As we all lurch, blinking into the new year, trying to remember how to type and what our passwords are, thoughts naturally turn to the 12 months ahead. What’s in store for our organisations and industries? And what are the trends that will influence this?
PR trends largely cut across industries, albeit to greater or lesser extents. As a communications agency, we see this in practice, specialising as we do in innovation and place. While the two areas have their own communications profiles, there are larger, overarching trends that impact both – and this year, among those trends, we can expect to see the following…
First of all, what’s brand journalism? In short, it’s a type of content marketing in which journalism is carried out through the lens of a brand. It’s not a case of brands hijacking independent journalism for their own gains, but it recognises that brands can and do have valuable things to say about their own industries. Indeed, in many ways, brand journalism is an extension of the PR practice of providing comments to journalists for use in articles, or even writing full guest commentary articles.
Brand journalism is nothing new – airline and supermarket magazines have been doing it for years – but as the communications landscape has developed, there has been a recognition that insights from brands aren’t only valuable for brand-building but can be shareable contributions to a wider conversation. In 2019 we’ll see this type of content pushing more conversations via social media and, in the business arena, newsrooms will be looking for brands that are creating ready-made, high-quality content.
If you’re not providing insights about your industry to the journalists that cater for your target audiences, you should be. If you are, then you need to be doing it more quickly. The online news environment is such that the outlet or journalist that breaks a story first benefits from the first swathe of people who want to read about it. It’s a microcosm of the first-to-market model.

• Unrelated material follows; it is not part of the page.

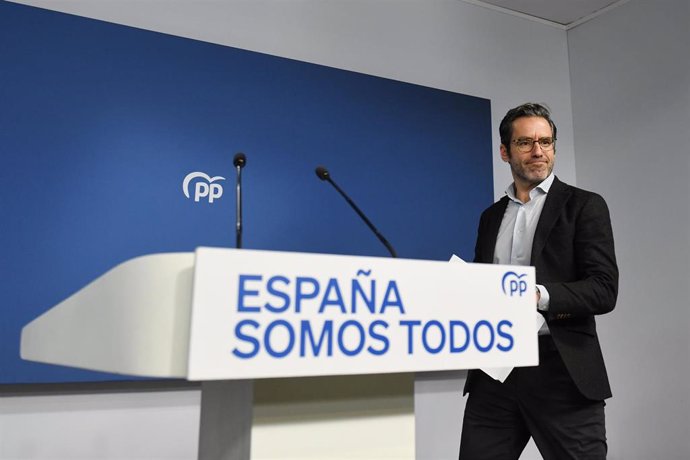 Archivo - El vicesecretario de Cultura y portavoz del PP, Borja Sémper, llega a una rueda de prensa posterior al Comité de Dirección del PP, en la sede de Génova, a 11 de noviembre de 2024, en Madrid (España). Durante la rueda de prensa, Sémper, ha hablad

We’re still in the midst of the media landscape’s upheaval, though, and as more of it moves online, there’s more content and a greater need for the content and commentary to go out as quickly as possible. Journalists need industry commentary as soon as a news story breaks and if you’re ready to provide it then it’s more likely to be you and your brand that gets the gig. We’ll see this so-called “news jacking” continue to grow in 2019 as brands attempt to build relationships and profile in new markets.
More than ever, everyone has something to say, so, in order to be heard, your words need to have more weight than those of your competitors. To do that, what you say needs to be backed up with data. It’s no good throwing around unverifiable claims and flimsy opinions. Journalists want cold, hard facts.
The good news is that most brands are sitting on a pile of their own, unused data than can be sculpted into stories. Brands can also identify what it is they want to be talking about and commission surveys to generate the relevant data. It’s an inexpensive way to create compelling stories for journalists who have more to cover and less time to cover it in 2019.
Quality over quantity has long been the communications mantra, but this year it will matter even more. Quality pieces of content will generate more and better coverage, command more click-throughs and, even from an SEO perspective, curry better favour from search engines. In short, one rigorously produced piece of content with supporting materials will be found more, read more and impress readers more than multiple mediocre pieces.
As in so many industries, artificial intelligence (AI) is beginning to make its way into the communications mix. This isn’t in the sense of a single PR-delivering AI robot that will replace PR jobs at a stroke, though. Instead, we’re learning what the technology means for the sector and seeing the emergence of distinct and diverse AI tools that can enhance and augment different elements of PR.
Already, audiences can be matched with media outlets with much greater accuracy, outlets can be mined for keywords to identify relevant topics or rising trends and content can be automatically shared and reshared in the most relevant places at the optimal times to ensure targets are hit efficiently. In 2019, organisations will start trying to understand how their comms can best employ AI.
The internet age has changed the communications landscape permanently and dramatically, but it’s easy to look back on the changes that have happened and think that they are complete. In reality, they are still ongoing, and 2019 will see the new approaches and technologies that we are using continue to mature and become more sophisticated. Content will work harder, insights will become sharper and behaviours will be easier to analyse. For those working in comms – whether agency-side or client-side – staying top of those trends will be key to staying competitive.